_Supplied material_:
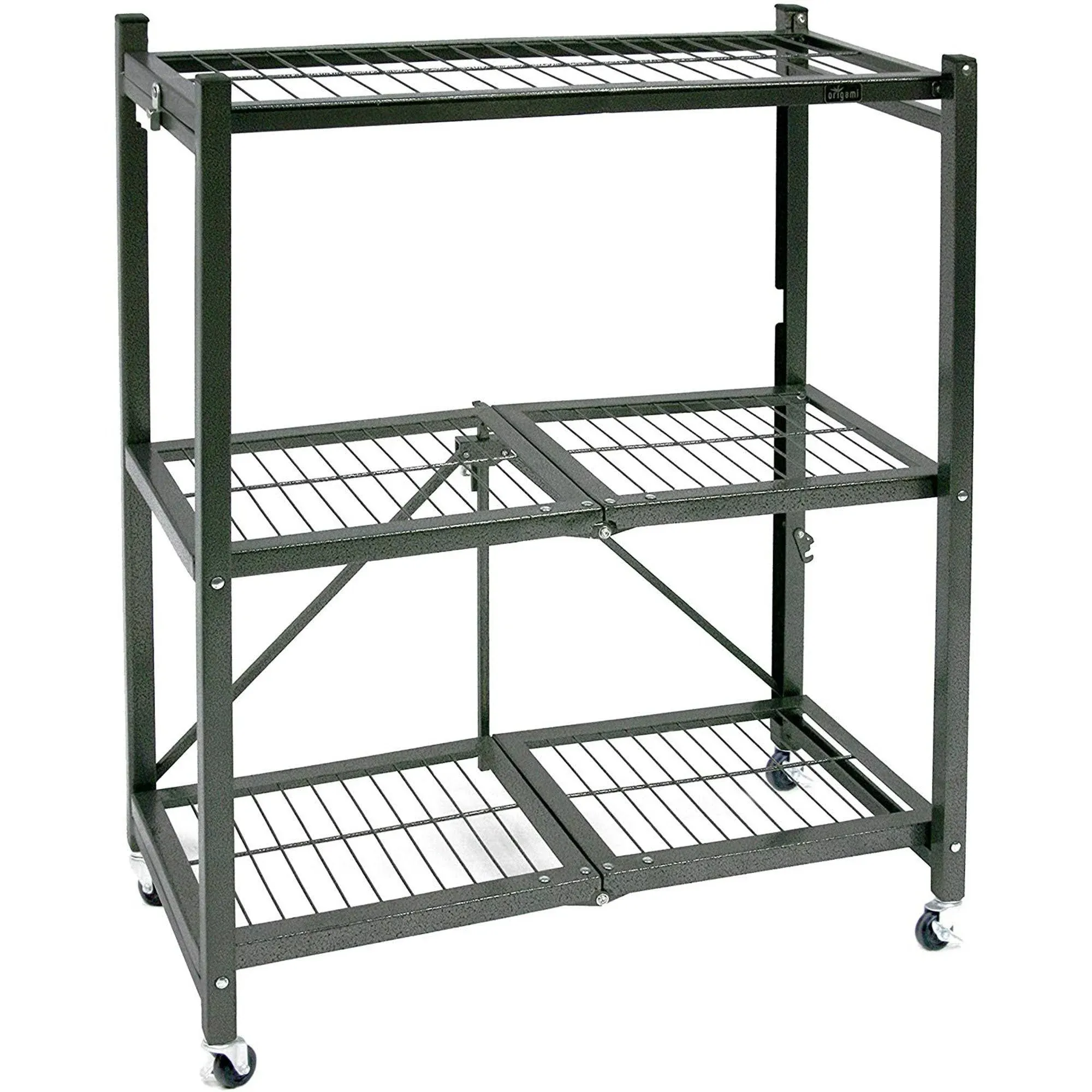 Origami R3 General Purpose Foldable 3-Tiered Shelf Storage Rack & Wheels, Pewter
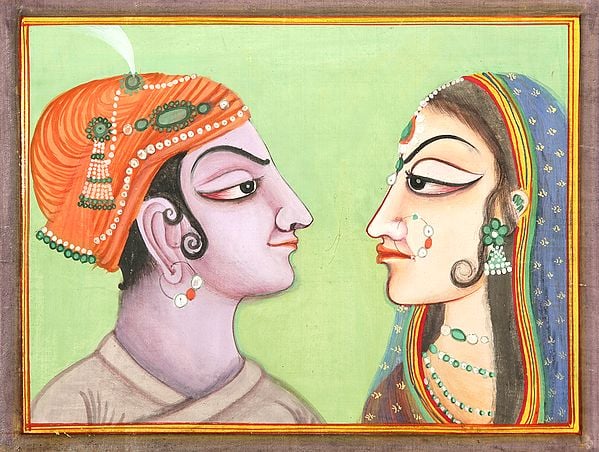exotic india Royal Couple Painting | Rajasthani Artwork 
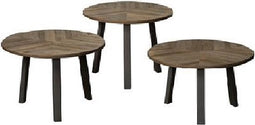 RENEW Lazio table set (3) - 54x54/45/40/35 - recl. teak w-grey
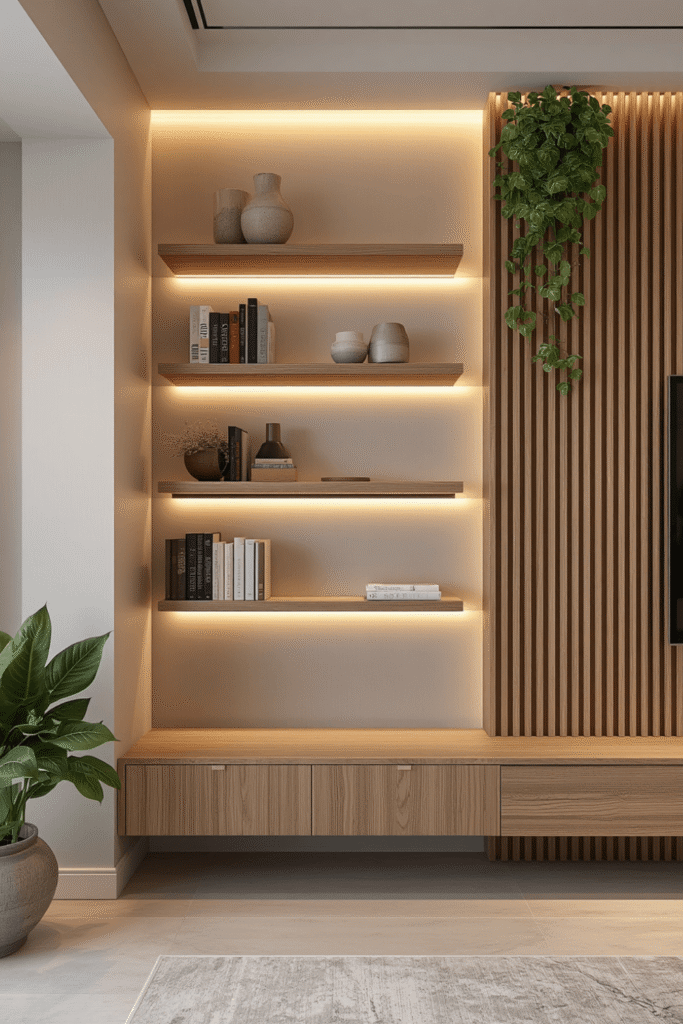 Marble-top floating shelf
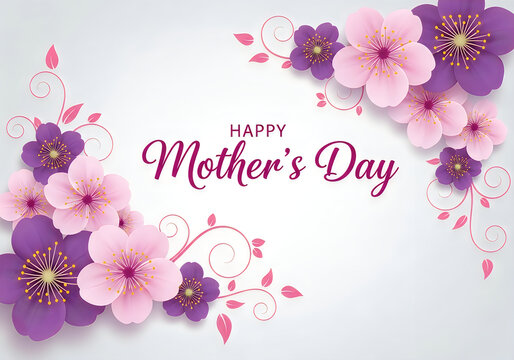 Vibrant Mother's Day celebration graphic featuring delicate pastel pink and purple floral arrangements with elegant swirls on clean white backdrop, perfect for digital greeting cards 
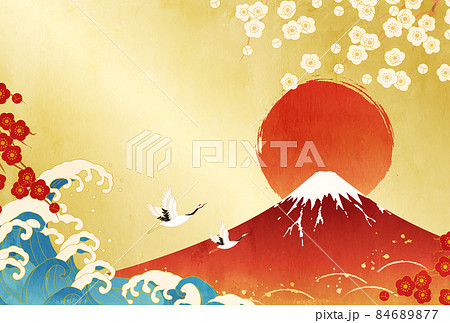 梅と鶴と富士山と初日の出と波の縁起のいいベクターイラスト背景の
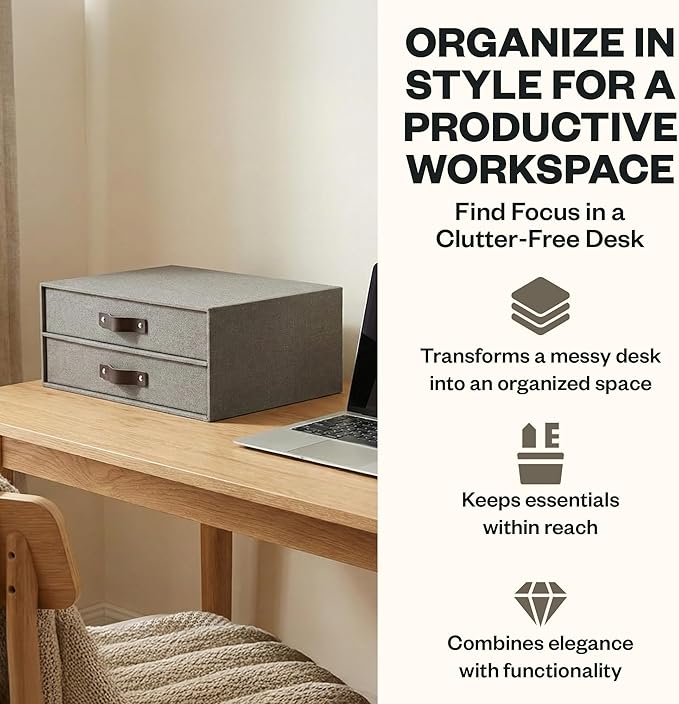 Bigso Birger 2-Drawer Canvas Fiberboard Easy Pull Handle Document Letter Box | Desktop Drawers for Loose Papers and Documents | Desktop Storage Drawers with Leather Handles | 13.1” x 10” x 5.7” | Grey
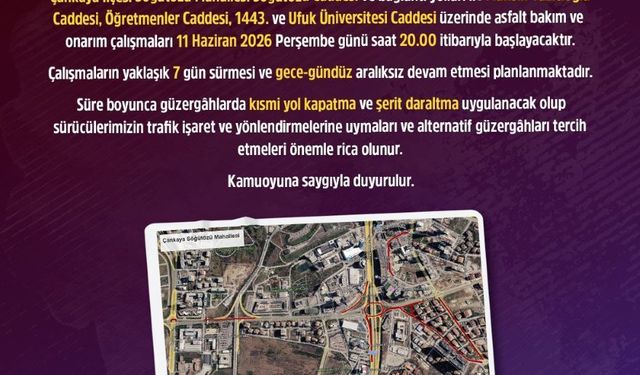 Söğütözü'nde Asfalt Mesaisi Başlıyor: Bazı Yollarda Trafik Düzenlemesi Yapılacak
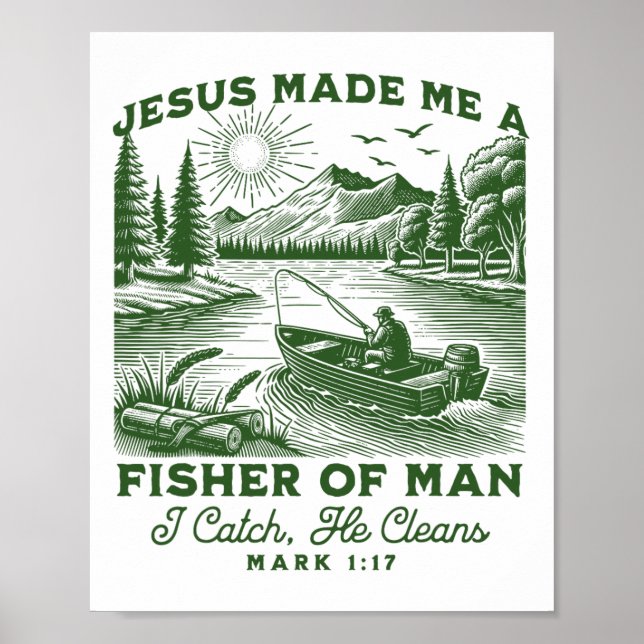 Fisher Of Man Mark 117 Christian Scripture Jesus F Poster (Front)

_Exercise requirements_: All that is needed is an exact copy of the lines from the line with "Bigso Birger 2-Drawer" through the end of the listing, both ends included, with no pictures.

_Reply_:
 Bigso Birger 2-Drawer Canvas Fiberboard Easy Pull Handle Document Letter Box | Desktop Drawers for Loose Papers and Documents | Desktop Storage Drawers with Leather Handles | 13.1” x 10” x 5.7” | Grey
 Söğütözü'nde Asfalt Mesaisi Başlıyor: Bazı Yollarda Trafik Düzenlemesi Yapılacak
 Fisher Of Man Mark 117 Christian Scripture Jesus F Poster (Front)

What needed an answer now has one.